- Opening Delimiter -

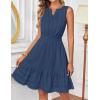 MEROKEETY Women’s 2026 Summer Casual Mini Sundress Beach Vacation Sleeveless V Neck Flowy A Line Dress with Pockets(Navy)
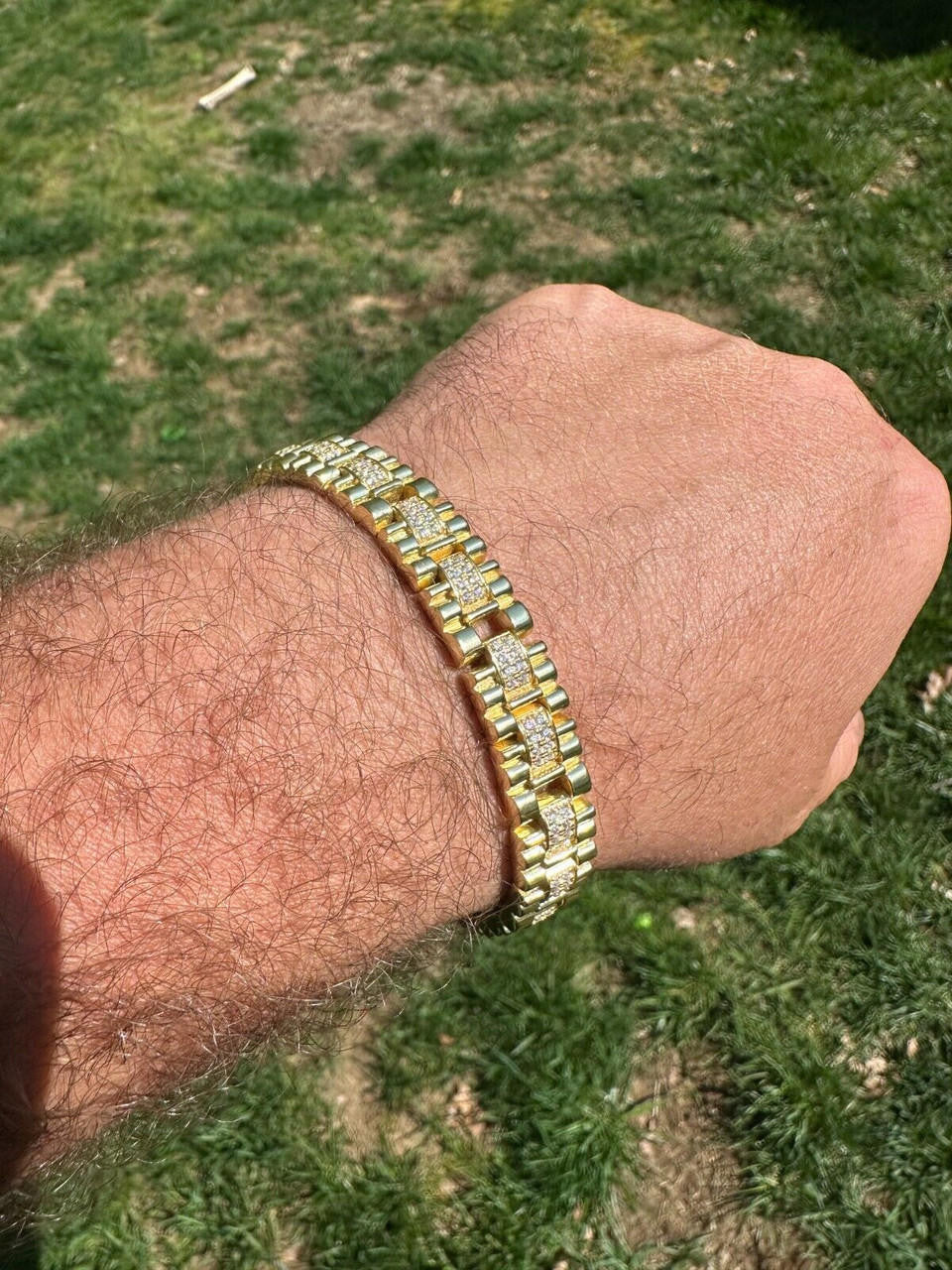 MOISSANITE Everyday Classic Presidential Custom Link Bracelet Iced Out - 14k Gold Vermeil 925 Silver - 10mm - 7.5"-8.5"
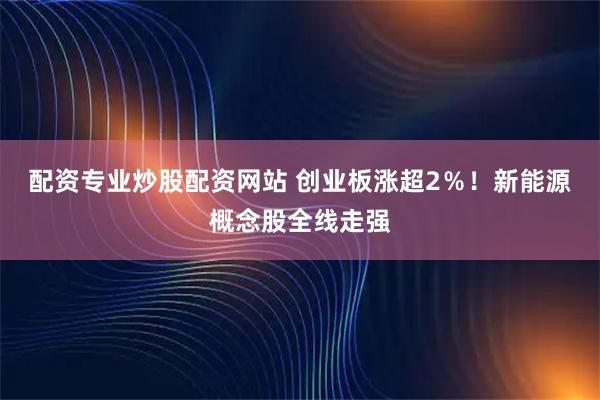 配资专业炒股配资网站 创业板涨超2％！新能源概念股全线走强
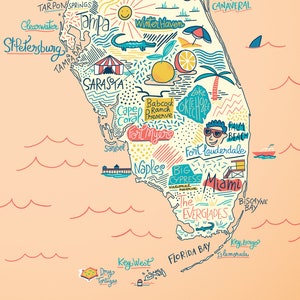 Poster Illustrated map of Florida, decorative gift illustration for fans of the USA map design image 6
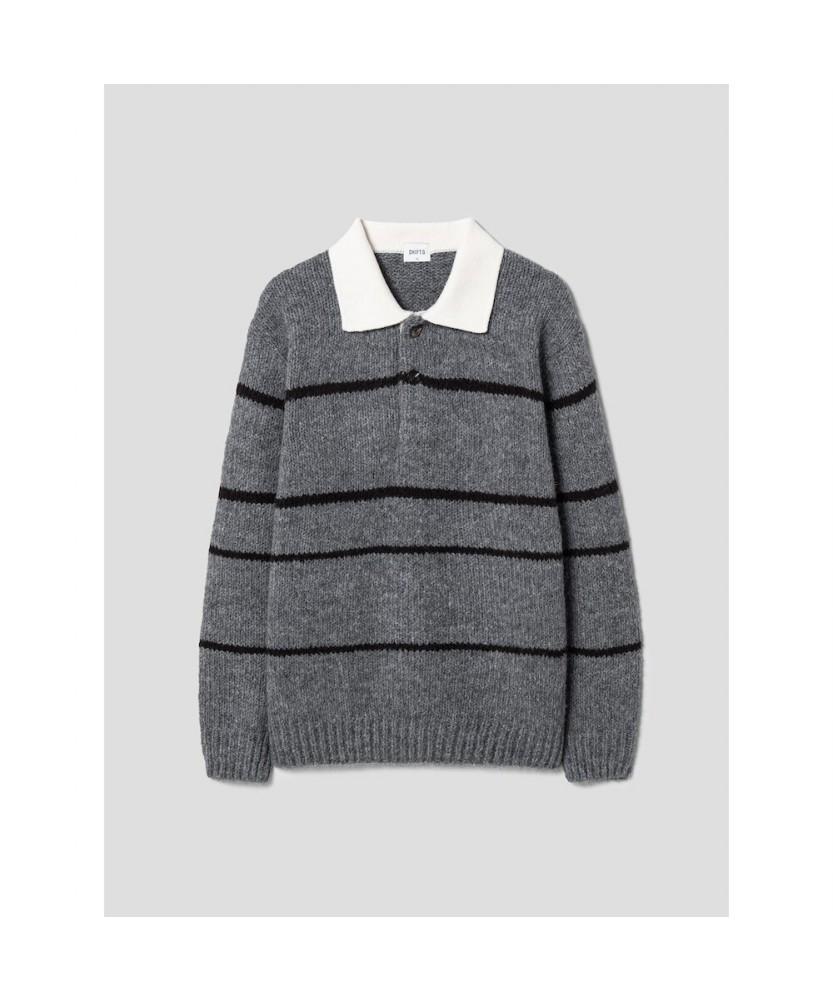 SHIFT.G Fuzzy Pattern Sweater Gray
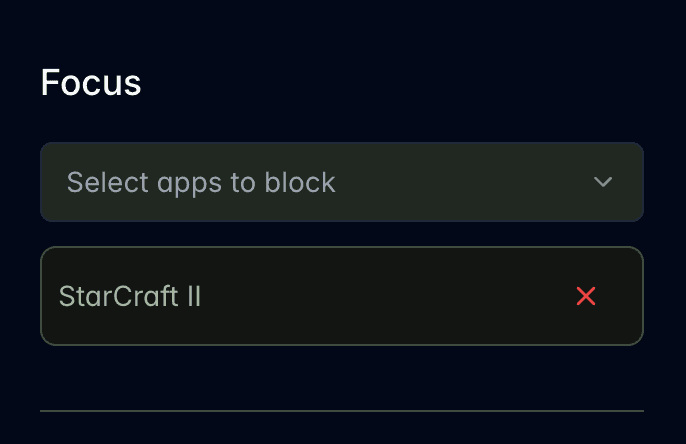 Blocked Apps Selection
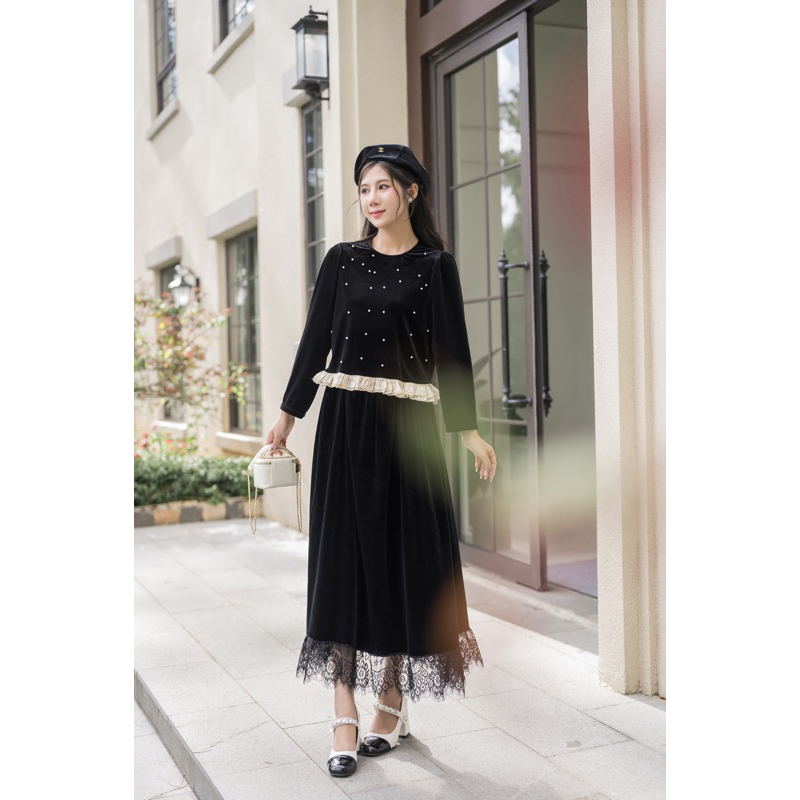 PETBYCHANG - Áo nhung đính ngọc và chân váy midi phối ren ( có bán tách set )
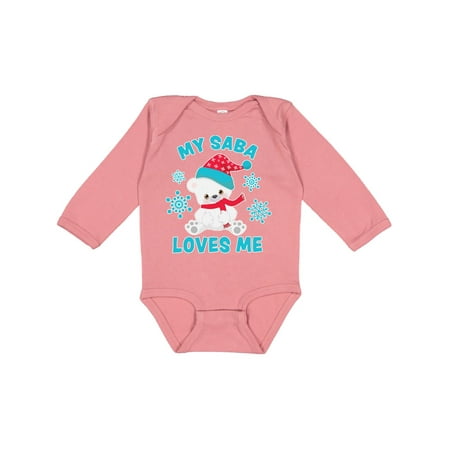 

Inktastic Polar Bear My Saba Loves Me in Santa Hat with Snowflakes Gift Baby Boy or Baby Girl Long Sleeve Bodysuit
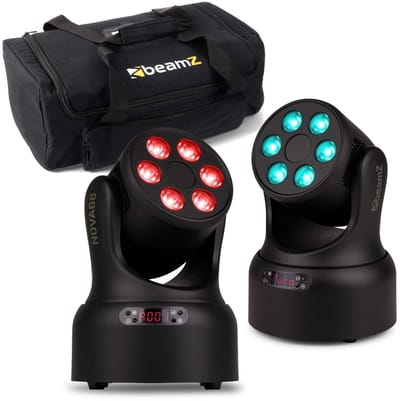 BeamZ NOVA68-BK moving head set met tas - 2x Wash moving heads met 6x 8W RGBW LED’s - Zwart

- Closing Delimiter -

◆ Your instructions:
The required output consists only of the lines from the one containing "Inktastic Polar Bear" to the last line of the material, reproduced exactly, pictures excluded.

◆ Task response:
Inktastic Polar Bear My Saba Loves Me in Santa Hat with Snowflakes Gift Baby Boy or Baby Girl Long Sleeve Bodysuit
 BeamZ NOVA68-BK moving head set met tas - 2x Wash moving heads met 6x 8W RGBW LED’s - Zwart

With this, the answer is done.